As you follow the winding road from Pafos to the resort city of Polis on the Northwestern coast of the Mediterranean island of Cyprus, keep your eyes open for something a bit out of the ordinary, when approaching the village of Stroumbi. A quaint figure in bas-relief, decked with vine garlands, extends visitors a cup of wine from a welcome sign at the edge of town, while other multi-layered murals further along the highway display delightful vistas of village life and vineyards, peopled with saints and mythological figures.
They are the work of Resident Artist Charalambos Epaminonda, who also writes and illustrates children’s books and takes on icon commissions, building a little jewel of a Greek Orthodox chapel in his spare time on a hill above his home, a dwelling place every bit as whimsical as the fantastic Byzantine structures in his drawings. Amid all these varied artistic activities, Charalambos remains calm and centered, a man at peace with himself, and a paradigm of a spiritually-centered artist, indifferent to commercial success or critical acclaim.
Compared with much traditional Orthodox iconography, the work of Epaminonda exudes warmth and humanity, revitalizing old pattern-book imagery in visually exciting ways. Just the added touch of a floral pattern to the red background of his Virgin of the Sign underscores the maternal, caring side of this grieving Mary, who offers up her dying son to the World. His Christ Made Without Hands is actually painted on a woven cloth, suggesting the towel on which Christ left an imprint of his face to heal the ailing King of Edessa, according to the traditional Eastern Orthodox story of how this miraculous image came into being.
A longtime friend of the Collection, Epaminonda took on the commission of creating an iconographic triptych based of three "parables of mercy" from the Gospel of Luke, the Prodigal Son, the Sower and the Seed, and the Good Samaritan.
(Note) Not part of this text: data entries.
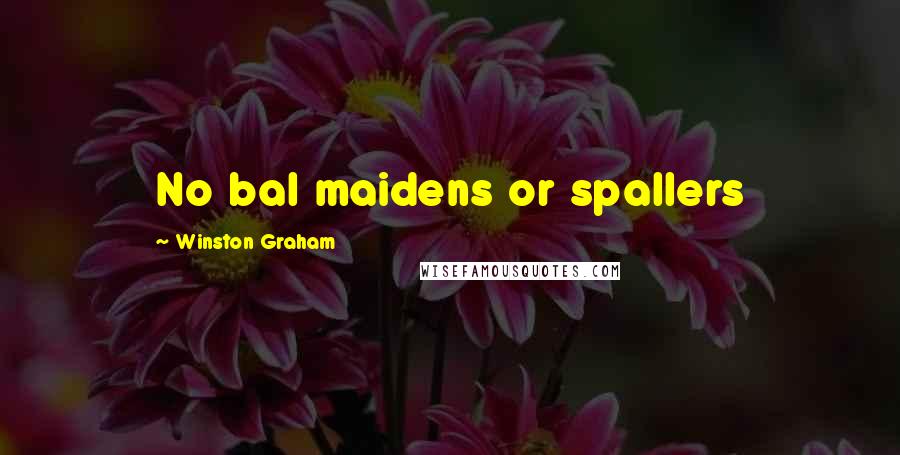 Winston Graham Quotes: No bal maidens or spallers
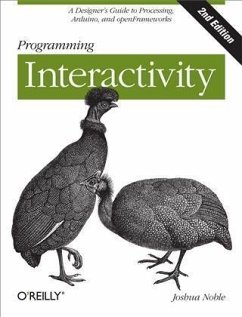 Programming Interactivity (eBook, PDF) - Noble, Joshua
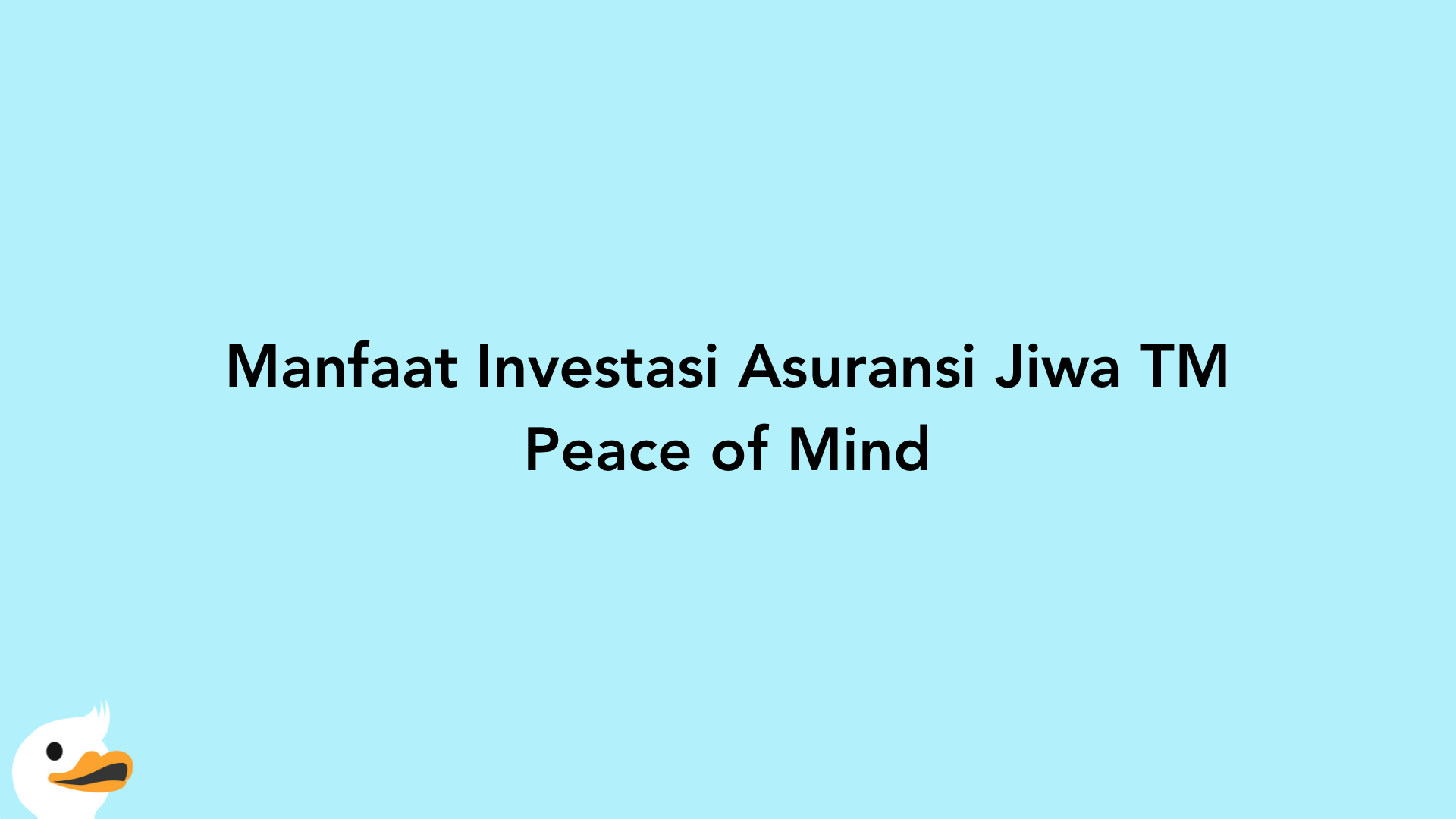 Manfaat Investasi Asuransi Jiwa TM Peace of Mind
The trio of separate paintings are united in composition and color palette with Christ depicted in the center panel, scattering the good seed of the Gospel. Trained in both art and theology, the normally reticent artist spoke eloquently of what holds the triptych together--the notion of epistrophi, a Greek word, meaning “coming back,” “returning,” and in its New Testament variant, “conversion.”
Not only are humans reconciled one with another in these wonderful images, but the whole created order, animate and inanimate, vibrates with divine energy. The schema is repeated in the painting, Madonna of the Woods. Like shifting shapes in a kaleidoscopic picture puzzle, the central figures of the Virgin Mary and the Baby Jesus are almost indistinguishable from the fragmented, multi-colored background with fish and bird in wind-stirred forest and flowing water, reflecting the artist’s concept of “Deep Incarnation,” the belief that God brought redemption not only to humanity but all of creation.
Epaminonda's artistic innovations have not always been welcome in conservative Cypriot church circles. To give the artist a free hand to develop his new style, the Collection launched him in 2016 on a multi-year project to create a cycle of contemporary icons on the Life of Christ. The first completed work in the series, depicting the Agony in the Garden, challenges the iconographic convention of presenting holy figures in static poses against symbolic landscapes in a dynamic scene formed from cubistic shards of color. While events unfold in human history, the surrounding world of nature bends and sways in anguish over the ordeal of Christ. It is a promising glimpse of things to come.